The 150-odd participants, which included breast-pump users, fluid dynamic engineers, software developers, health care providers, and experts in “wearable tech,” then dispersed to form teams. According to the firm Transparency Market Research, the global breast-pump market is expected to reach an estimated value of more than $1 billion in 2018. Why isn’t there a user-friendly breast pump and a clever basket for the dishwasher?

“I think a lot of it is because the people who do provide investment are men and they get very uncomfortable with discussions of [breast shape] and liquid coming out of breasts,” says Joy Kosak, who cofounded the pumping bra company SimpleWishes, a sponsor of the hackathon (along with several breast pump companies that supplied the event with parts and foam breasts). “As a society we are uncomfortable. People have issues, it’s something we are still trying to overcome.”

Those issues, which include America’s sexualization of breasts, have led to the sterile, goal-focused breast pumps on the market today, says San Francisco-based lactation consultant Charity Pitcher-Cooper.

“A lot of what we see with pump companies is, ‘Oh, this doesn’t have to do with sex.’ So it’s going to be very clinical, and we are going to end up with a medical device that looks like something that is used in a hospital,” Pitcher-Cooper says.

Nursing can be pleasurable, but it’s not sexual, she notes. And pumping appears to be neither. When Sunday afternoon rolled around and hackathon teams had to pitch to the judges, it became clear that while pleasure might be a pie-in-the-sky goal, convenience, dignity, and a good breast pump app are not.

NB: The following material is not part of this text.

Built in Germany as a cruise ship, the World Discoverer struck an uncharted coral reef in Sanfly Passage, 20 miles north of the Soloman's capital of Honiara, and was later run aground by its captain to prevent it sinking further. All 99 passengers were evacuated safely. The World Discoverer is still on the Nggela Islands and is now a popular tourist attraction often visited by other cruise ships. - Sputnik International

The $1000 third prize went to PumpIO, an app to reduce the stress of pumping by measuring the volume of milk pumped in real time, alerting the pumper to pressure changes, time-stamping milk, and connecting the user with a lactation consultant with the press of a button. Compress Express won the popular vote with an entry inspired by blood-pressure cuffs that focuses on massaging the breast, which can improve milk delivery and keep painful blocked ducts at bay. The first place award went to “Team Batman,” for a prototype that combined real-time data collection with a discreet utility belt to hold the collection apparatus, enabling mobile pumping. Several of the team members were not on hand at the award ceremony; they’d gone home to be with their kids. All of the winners can be seen here.

Team Batman addressed a prominent concern, says Holtzman, one of the hackathon’s judges—“Women not having to walk around with giant bottles attached to their breasts would really improve the user experience.” But there’s still a larger hack on the horizon. “In no way is a better pump going to solve the social and cultural stigma associated with breast-feeding and breast pumping,” she says. Until women have better support for breast-feeding, whether that manifests as paid maternity leave, safe and convenient places for pumping, or  better access to lactation specialists, breast pumps aren’t likely to go the way of the Fitbit.

Ironically, the Affordable Care Act, which requires coverage of breast pumps, might push the technology into an even worse space, Holtzman notes. The client is no longer the mom that uses the technology, but the insurance company that’s paying for it, and the insurance companies’ main concern is cost, not functionality.

“What happened this weekend was fantastic,” she says. “But it was just the tip of the iceberg.”